一番起起落落,她的大腦不知道該如何解釋麵前的一切,也不知道要緊張還是放鬆。
“爸、媽……?”
“你爸的傷口看著嚇人,其實不嚴重,你媽陪他去醫院了。”阿申笑,“被血跡嚇著了?那是你媽身上沾的,剛才她去臥室拿了兩件換洗衣服。”
胡桃呆滯地看著丈夫。
“彆怕,剛才那個男的就是喝多了傷人,警察把他帶走了。行啦老婆,你還是趕緊去睡會兒吧,彆嚇壞了身子。”
“為什麼……”胡桃吞了口唾沫,強忍住眩暈。“為什麼媽走之前不跟我說一聲?”
“爸流血流得嚇人,趕不及。”阿申停下拖地的動作,側臉看她,“我都說你嚇著了,你還不信,你看,這不又在胡思亂想?”
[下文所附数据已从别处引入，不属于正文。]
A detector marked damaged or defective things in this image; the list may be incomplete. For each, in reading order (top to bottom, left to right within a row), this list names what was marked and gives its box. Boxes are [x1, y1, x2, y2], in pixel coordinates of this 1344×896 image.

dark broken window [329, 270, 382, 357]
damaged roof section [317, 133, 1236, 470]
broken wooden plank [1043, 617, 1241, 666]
胡桃想要提提嘴角,可她的臉好像僵住了,完全不聽使喚。
就像拚命想要相信一切平安,而她最相信的人也告訴她沒有事情。她應該相信他,她多麼想相信他。可是為什麼,她如何都無法安心
?
窗台的門開著,微風輕輕晃動窗簾。臥室的門開著,一地狼藉露出冰山一角。隻有廚房,廚房的門關得嚴嚴實實,其上還拍著兩個醒目的血手印。
它就像一個黑洞,瘋狂吸引著胡桃的注意力。
光線透過門縫投入客廳,可它像是被什麼遮擋了,隻投出斷斷續續的影子。燉湯的咕嚕聲配上爐灶運轉的微響,日常與異常交集混合,胡桃不安到手腳發冷。
“廚房的門。”
胡桃喃喃道。
“廚房的門,怎麼關得這麼嚴實?阿申,我想喝碗湯……”
阿申的表情略微變色:“嗯,我去給你盛,你去緩緩。”
“臥室好多血,我不想躺著。”她看著他的眼睛,“我自己去盛就好。”
說罷,胡桃趁丈夫不注意,猛地衝向廚房。阿申沒有攔她,他拄著拖把站著,臉上露出一絲委屈來。
門緩緩打開。
母親驚懼的麵孔仿佛炸.彈,瞬間將胡桃的思維炸得殘破不堪——
衛生間的門,其後是一片狼藉。臥室的門,另一邊站著她的丈夫。
剩下的人,都在廚房的門後。
母親的喉管被刀刃割破,淡色的睡衣被染成血紅。她用手緊緊捂著傷口,奈何傷口實在太深——母親的眼睛大大張著,臉上滿是驚懼,一張嘴沒有閉合,像是要喊出什麼似的。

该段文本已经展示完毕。